Lighter posting this week, as I am devoting my mornings to preparation for a sermon this Sunday on Habakkuk 2:4, “the righteous shall live by faith.” I am going to examine the meaning of of “faith” (Hebrew emunah, steadfastness, fidelity), which I refer to as “steadfast trust,” in light of the rest of the book, and in light of the New Testament’s usage of this verse (Romans 1:17, Galatians 3:11, Hebrews 10:38-39). I have three points:
1) Faith trusts in God even when the unthinkable happens (chapter 1-2, especially 1:5-11).
2) Faith finds joy in God, not circumstances (3:16b-19).
3) Faith looks to God, not achievement, for justification (2:4; cf. Romans 1:17).

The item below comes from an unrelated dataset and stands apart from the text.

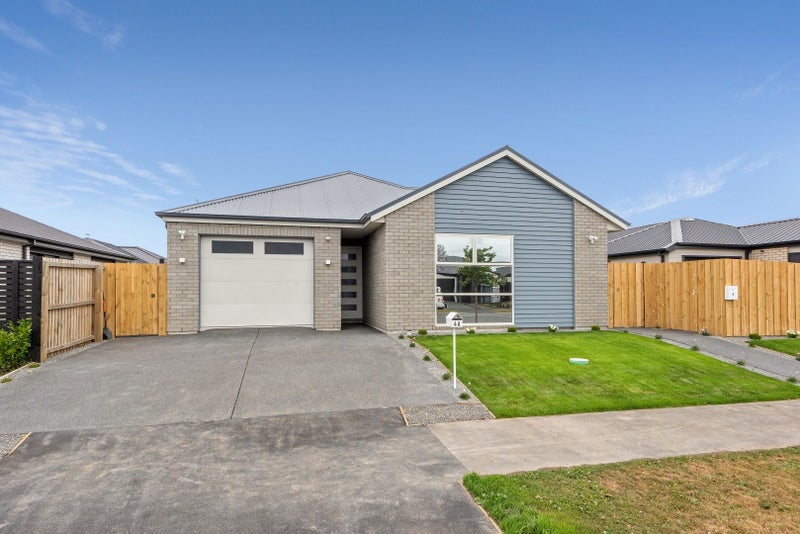4 Bill Hammond Drive, Belfast, Christchurch - Carousel 1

In other words, biblical faith, defined as steadfast trust and reliance in God, is the means by which the righteous seek understanding amidst confusion, joy amidst suffering, and a righteous status before God. Its a new, counter-intuitive orientation to the fundamental things which all humans seek: knowledge, happiness, righteousness.

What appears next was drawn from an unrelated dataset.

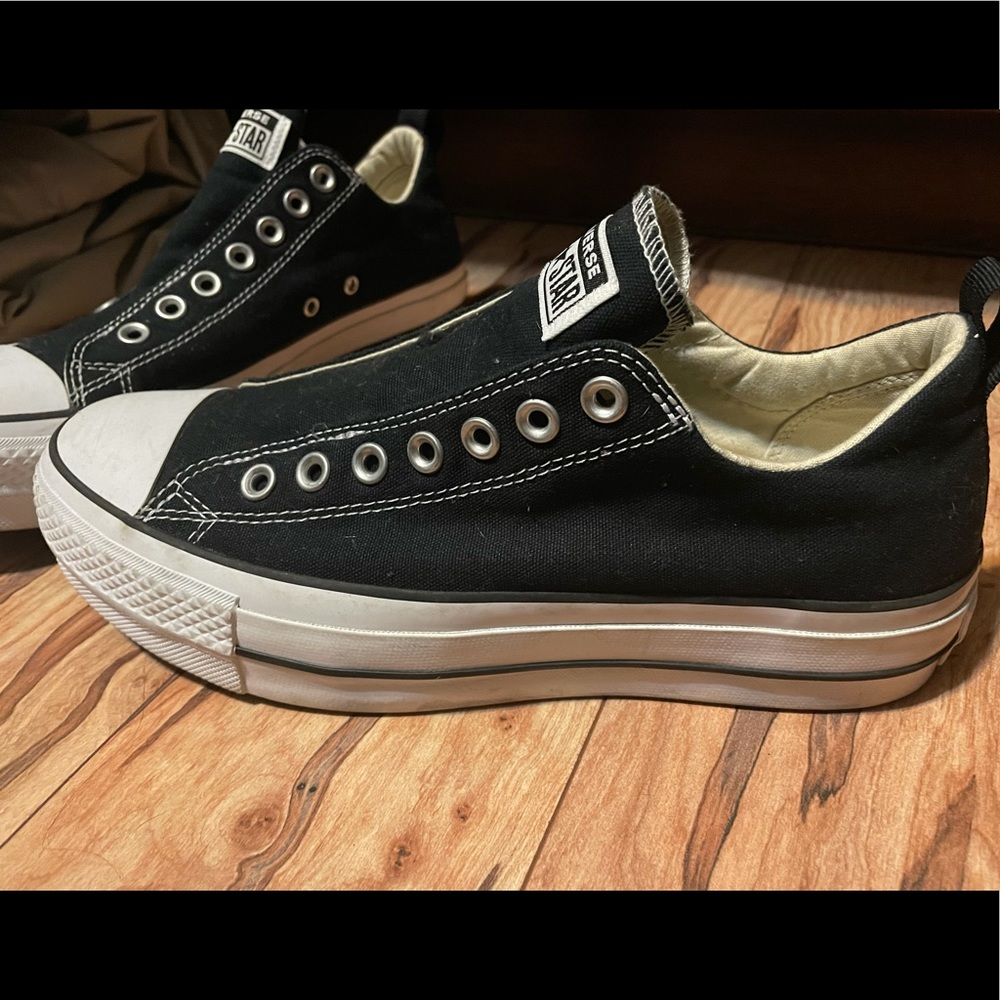 Platform slip-on Chuck’s SIZE 10 Women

Something interesting I learned this past week during my study is that Jewish rabbis, as well as the writers of the New Testament, regarded Habakkuk 2:4 as a particularly important verse within the Old Testament. A Palestinian Rabbi in the 3rd century A.D. once addressed the question of how many rules the Hebrew Bible required:
“Moses received 613 precepts; David reduced them to eleven (Psalm 15) but Isaiah reduced them to six (Isaiah 33:15-16) but Micah reduced them to three (Micah 6:8) … but Amos reduced them to two (Amos 5:5)….”
Then Habakkuk 2:4 is cited as reducing all of Old Testament to religion to one commandment (Cf. Francis I. Anderson, Habakkuk [Doubleday, 2001], 216). So not only for the authors of the New Testament, but among Jewish rabbis, Habakkuk 2:4 was taken as a kind of summary statement of the essence of true religion. More posts to come on this, hopefully on issues surrounding Paul’s usage of the verse and the meaning of emunah…
Will be praying for you friend. I look forward to hearing it (if I can).